Furthermore, appellant presents no reasoned argument why the fees awarded are unreasonable in light of " 'the nature of the litigation, its difficulty, the amount involved, the skill required and the skill employed in handling the litigation, the attention given, the success of the attorney's efforts, his learning, his age, and his experience in the particular type of work demanded [citation]; the intricacies and importance of the litigation, the labor and the necessity for skilled legal training and ability in trying the cause, and the time consumed.' " (In re Marriage of Cueva (1978) 86 Cal.App.3d 290, 296.) Cueva observed that, "In many cases the trial court will be aware of the nature and extent of the attorney's services from its observation of the trial proceedings and the pretrial and discovery proceedings reflected in the file." (Id. at p. 301.) In Cueva, it appears counsel did not present an itemized statement to support the fee request and the trial court did not otherwise have a basis to assess "the nature and extent of the services counsel actually rendered." (Id. at pp. 295, 301].) In the present case, by contrast, the trial court had detailed, albeit significantly redacted itemized statements, and the trial court was personally familiar with the proceedings. (See also Gorman v. Tassajara Development Corp. (2009) 178 Cal.App.4th 44, 65 [distinguishing Cueva on similar grounds].) Thus, Cueva does not support appellant's suggestion that the redacted itemized statements were insufficient to support the trial court's award of attorney fees. In fact, "[i]n California, an attorney need not submit contemporaneous time records in order to recover attorney fees." (Martino v. Denevi (1986) 182 Cal.App.3d 553, 559; accord Mardirossian & Associates., Inc. v. Ersoff (2007) 153 Cal.App.4th 257, 269.)

Appellant has not shown the trial court abused its discretion with respect to the attorney fees award. (In re Marriage of Cueva, supra, 86 Cal.App.3d at p. 296 ["A motion for attorney fees and costs in a dissolution action is addressed to the sound discretion of the trial court, and in the absence of a clear showing of abuse, its determination will not be disturbed on appeal."].)

We need not address whether the trial court also properly denied the motion to compel on the ground that it was untimely.

II. Appellant's Other Claims of Error Fail

Appellant makes a large number of other arguments which merit only brief consideration.

Appellant argues the trial court erred in denying his July 24, 2017 motion to continue the trial set for August 22. He argues a continuance was required because his move away request obligated the trial court to order mediation under section 3170, subdivision (a). However, the parties had already participated in custody mediation in January.

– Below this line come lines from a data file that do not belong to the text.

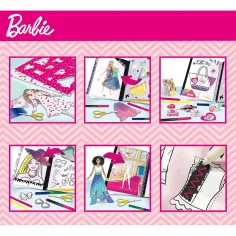 Barbie Modă școală set creativ - Lisciani imaginea 3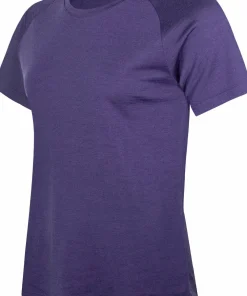 Urberg Women's Lyngen Merino T-Shirt 2.0 Grape Clearance
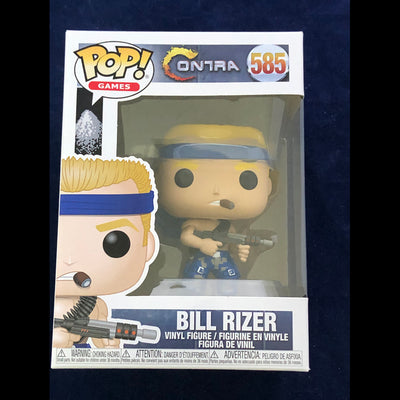 Funko Pop Contra Bill Rizer and Lance Bean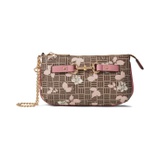 Anne Klein Horsebit Wristlet Pouch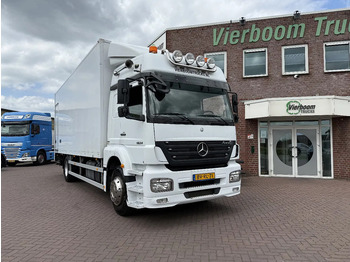 Box truck MERCEDES-BENZ Axor 1824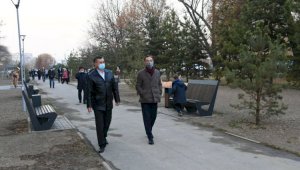 Сагинтаев призвал алматинцев вместе поддерживать порядок в городе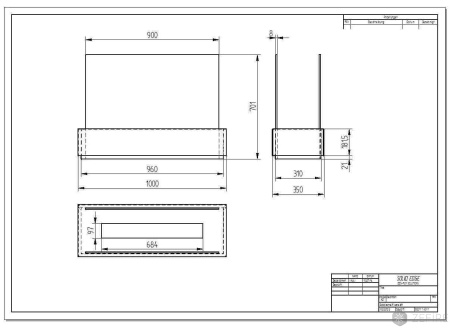 Биокамин Apolon - ZeFire по цене 48 700 руб.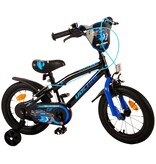 Volare Super GT Kinderfahrrad - Jungen - 14 Zoll - Blau - Zweihandbremsen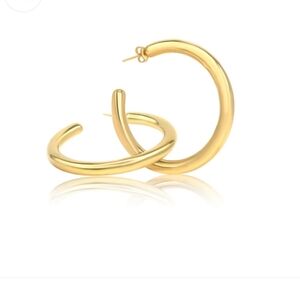 JZ Santanna GOLD Filled Hoops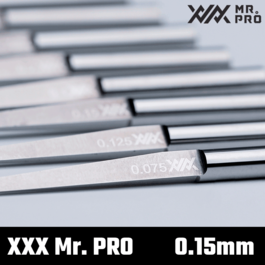 MADWORKS XXX MR PRO - PREMIUM CHISEL 0.15MM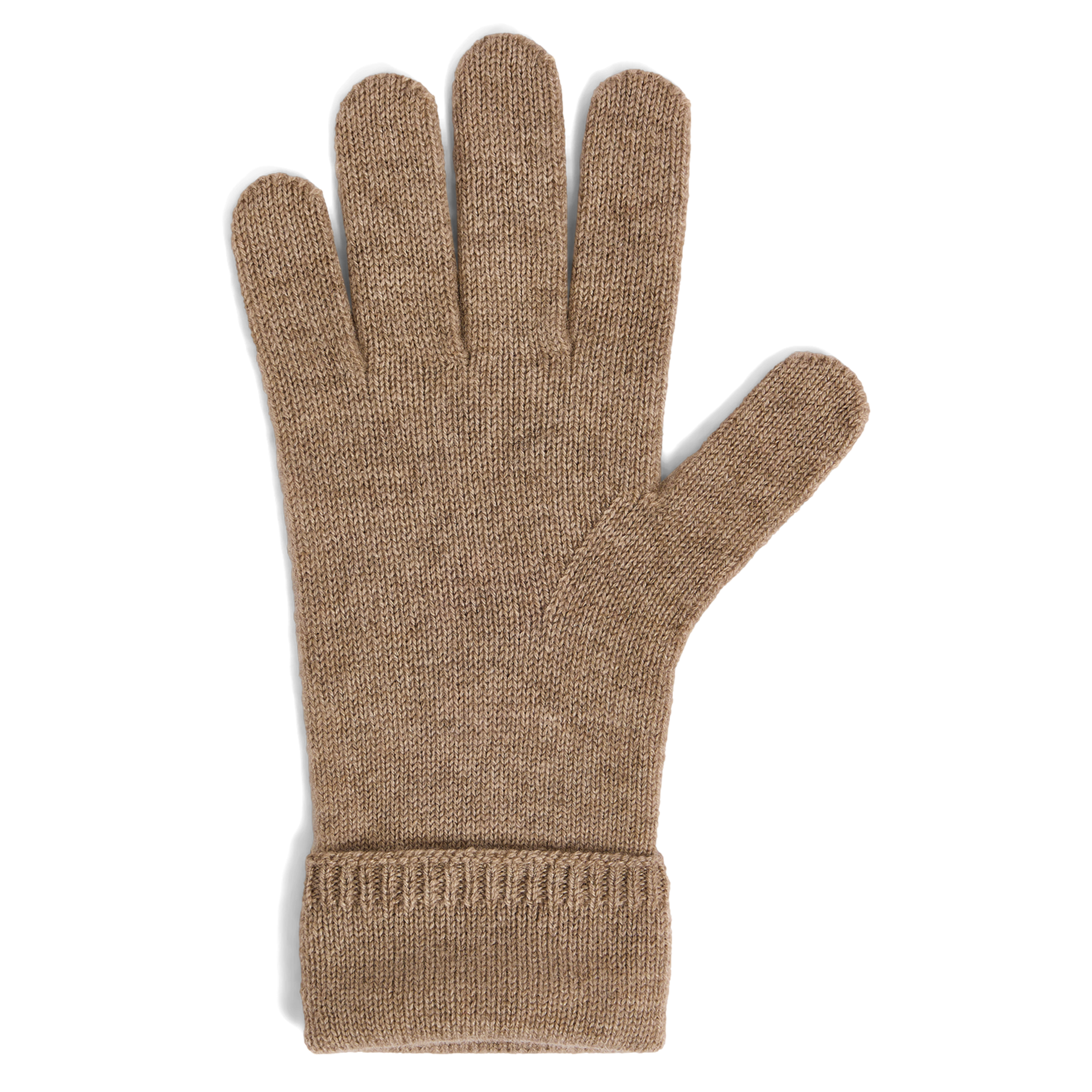 PRUNE - Gants en cachemire | Beige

Appellant cites no authority that serial mediations are mandated by statute in the circumstances of the present case. A similar request for a second mediation was rejected in In re Marriage of Green (1989) 213 Cal.App.3d 14, 24-25, in which the court of appeal concluded similar language in former Civil Code section 4607 did not mandate a second mediation. The court observed, "Mediation is provided early in the proceeding to help the parents to reach their own resolution of such disputes. When mediation is unsuccessful in resolving the custody or visitation dispute, the statutory requirement has been met and a resubmittal to mediation need not be ordered at the request of a party upon trial of that dispute." (Green, at p. 25.) Neither has appellant shown any error in failing to order a second mediation was prejudicial, given the lack of any indication that the parties would have resolved the issue or that the trial court had any inclination to grant the move away request.

Section 3170, subdivision (a) provides: "If it appears on the face of a petition, application, or other pleading to obtain or modify a temporary or permanent custody or visitation order that custody, visitation, or both are contested, the court shall set the contested issues for mediation."

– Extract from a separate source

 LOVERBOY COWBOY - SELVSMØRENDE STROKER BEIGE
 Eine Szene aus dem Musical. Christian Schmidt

In the one case appellant cites on the prejudice issue, the court of appeal reversed grant of a move away request because the father did not have "an opportunity to be meaningfully heard" before the request was granted, not because of failure to order mediation. (In re Marriage of Seagondollar (2006) 139 Cal.App.4th 1116, 1119.)

Appellant also argues the court should have continued the trial and appointed a child custody evaluator. (See § 3111, subd. (a) ["In any contested proceeding involving child custody or visitation rights, the court may appoint a child custody evaluator to conduct a child custody evaluation in cases where the court determines it is in the best interests of the child."].) But appellant admits it was a discretionary decision; the trial court did not abuse its discretion in denying appellant's request, made on the eve of trial.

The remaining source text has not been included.